Mais au delà de ça, pour qu’un enfant s’éduque il lui faut manipuler les choses, les toucher, les entendre pour pouvoir mieux les comprendre. C’est par le biais de ces tests que l’enfant découvre le monde et s’y habitue. Parallèlement, les écrans et le numérique sont des éléments présents de plus en plus tôt dans leur vie. Il n’est plus surprenant aujourd’hui de voir des enfants qui arrivent à peine à parler mais qui savent déjà se servir d’une tablette ou d’un smartphone. Le concept d’interface est compris très tôt, mais il est nécessaire à l’adulte de l’accompagner dans cet apprentissage de sorte qu’il puisse être encadré dans un but pédagogique et qu’il ne tombe pas dans l’excès. La tablette est souvent vue comme un objet négatif au développement des enfants : en effet, l’utilisateur paraît statique et uniquement spectateur de ce qu’il se passe à l’écran, il semble se contenter d’absorber l’information sans pour autant se questionner.
C’est principalement parce que la tablette n’est pas encore assez souvent pensée comme un outil pédagogique.
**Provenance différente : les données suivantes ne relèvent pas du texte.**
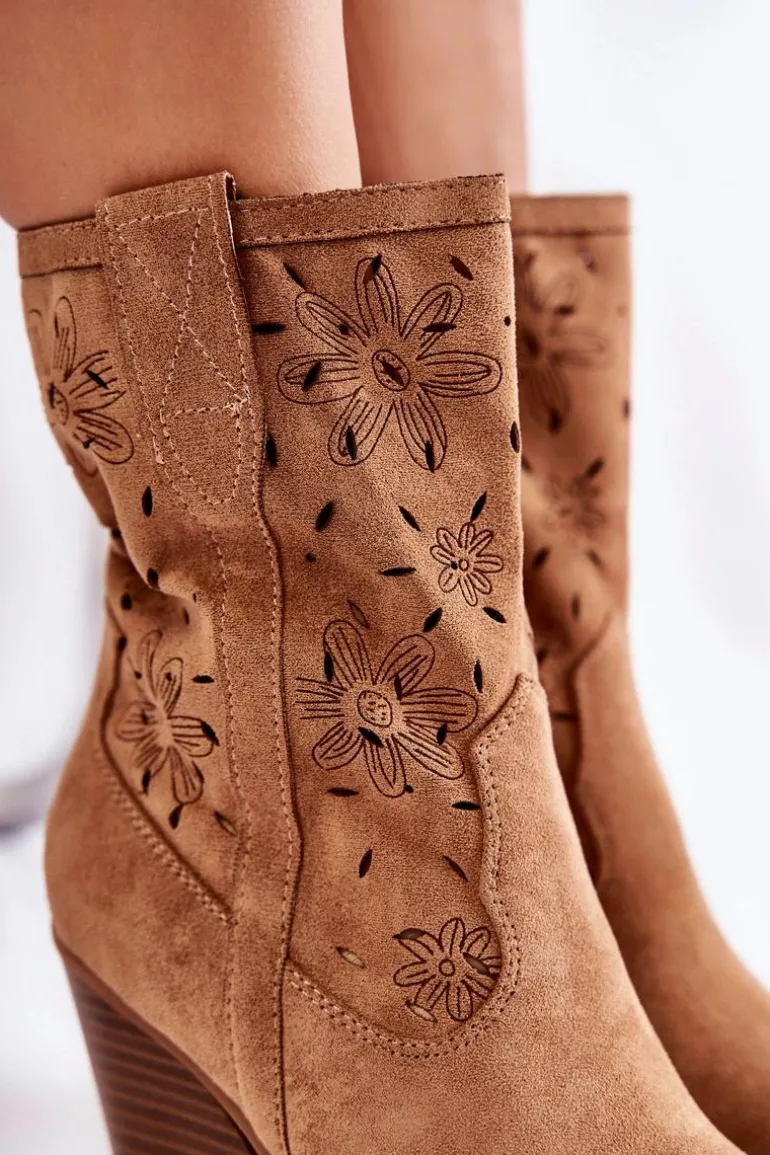 Modne Zamszowe Botki Kowbojki W Kwiaty Camel Coralie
Utilisée correctement, elle peut être un atout dans la croissance de l’enfant et l’aider à comprendre le monde qui l’entoure. Au-delà de ce qu’apporte un livre traditionnel, elle peut faire interagir l’enfant, le pousser à toucher et à manipuler les choses, à les écouter et à avoir un dialogue avec l’objet.
C’est dans cette optique que j’ai eu comme projet de créer un album pour enfant à lire sur tablette, qui profiterait des atouts de celle-ci dans un but pédagogique. Il faut pour cela pallier aux défauts de la tablette et en faire des points forts pour pouvoir mettre aussi bien le support que le récit en valeur. En ajoutant à un album normal la possibilité de changer d’une lecture à une autre, de suivre les cycles de jours/ nuits et les changements météorologiques que l’enfant peut voir par sa fenêtre, on offre un sentiment magique d’immersion au lecteur. Il donne la possibilité à l’enfant de redécouvrir la même histoire sous un aspect différent à chaque fois, et permet aussi parfois de lui donner un rendez-vous particulier, si par exemple il souhaite savoir comment se passe l’histoire qu’il a lu quelques jours auparavant.
En alternant entre phases de récits illustrés changeants et jeux, tous les sens de l’enfant sont mis à contribution et il ne reste pas seulement spectateur du livre, il est aussi acteur. Il n’est pas non plus immobile et agit sur la tablette en fonction des évènements.